Kafka consumers control their own pace via the poll() loop. If the consumer processes slowly, it polls less frequently, and messages accumulate in the partition log. The log is the buffer. Backpressure is implicit: the consumer is naturally rate-limited by its processing speed.

// Concept: Kafka consumer with processing-rate-aware polling
// max.poll.records controls how many messages the consumer gets per poll.
// If processing takes too long, reduce max.poll.records.

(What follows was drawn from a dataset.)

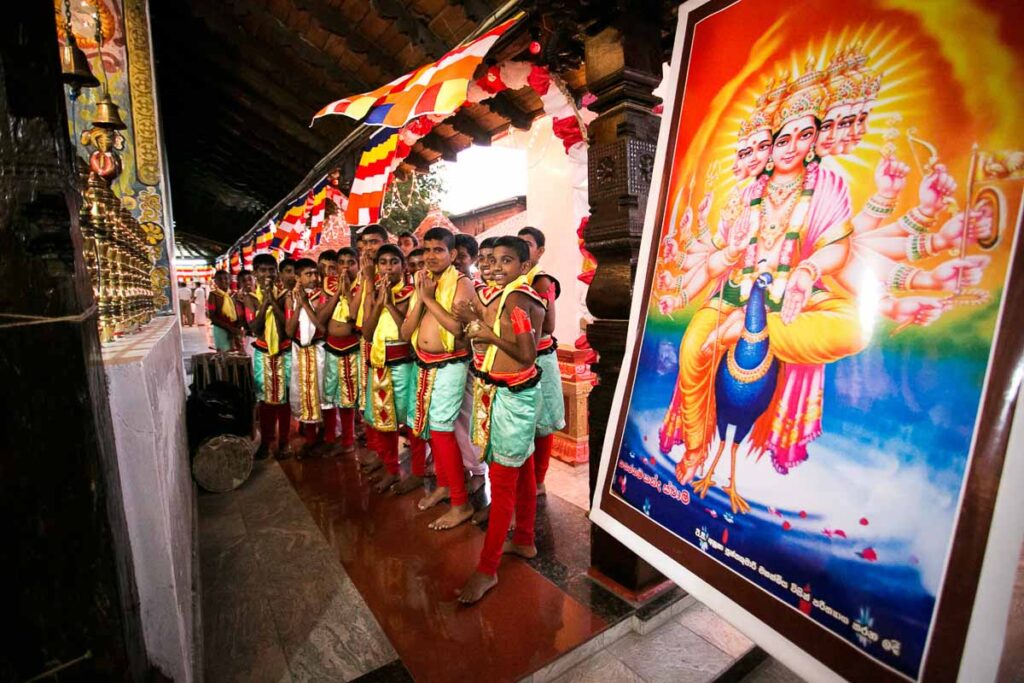 Kandy, Sri Lanka, 2016. Esala Perahera, the biggest buddhist Festival of Asia.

Properties props = new Properties();
props.put("max.poll.records", 100);            // Process 100 messages per poll
props.put("max.poll.interval.ms", 300000);     // 5 minutes max between polls

// If processing 100 messages takes longer than max.poll.interval.ms,
// the consumer is considered dead and triggers a rebalance.
// Fix: reduce max.poll.records until processing fits within the interval.

TCP Flow Control

At the transport level, TCP’s flow control prevents a sender from overwhelming a receiver. The receiver advertises a window size: the number of bytes it can accept. When the window fills (receiver has not acknowledged received data), the sender pauses.

This is relevant for gRPC: if the route optimizer’s gRPC stream sends package responses faster than the client can process them, TCP flow control kicks in, and the server’s write blocks. The gRPC framework translates this into backpressure on the server’s response stream.

Backpressure flow showing producer, buffer, and consumer with flow control signals

The diagram shows the backpressure chain. The producer sends data to an intermediate buffer (Kafka partition, TCP buffer, or in-memory queue). The consumer reads from the buffer at its own pace. When the buffer reaches a threshold, a flow control signal propagates backward to the producer, reducing its send rate. Without this signal, the buffer grows until it overflows. In Kafka, the buffer is durable (disk-backed partition log), so overflow means disk exhaustion rather than data loss. In TCP, the buffer is a kernel memory buffer, and overflow means the sender pauses until the receiver catches up.

The Decision Rule

Batch writes when the per-message overhead (network round trip, protocol framing) exceeds the per-message processing time. For Kafka producers, set linger.ms to 5-20ms unless sub-millisecond latency is required. For database inserts, always use batch statements when inserting more than 10 rows.

Compress with LZ4 for real-time streams. Compress with Zstd for storage-optimized topics. Do not use Gzip unless a downstream consumer (legacy HTTP client, browser) requires it.

Implement backpressure before you need it. Set max.poll.records conservatively and monitor consumer lag. If lag grows steadily, the consumer is slower than the producer. The fix is either faster processing (optimize the consumer), more consumers (scale out the consumer group), or slower production (rate-limit the producer, if the source allows it).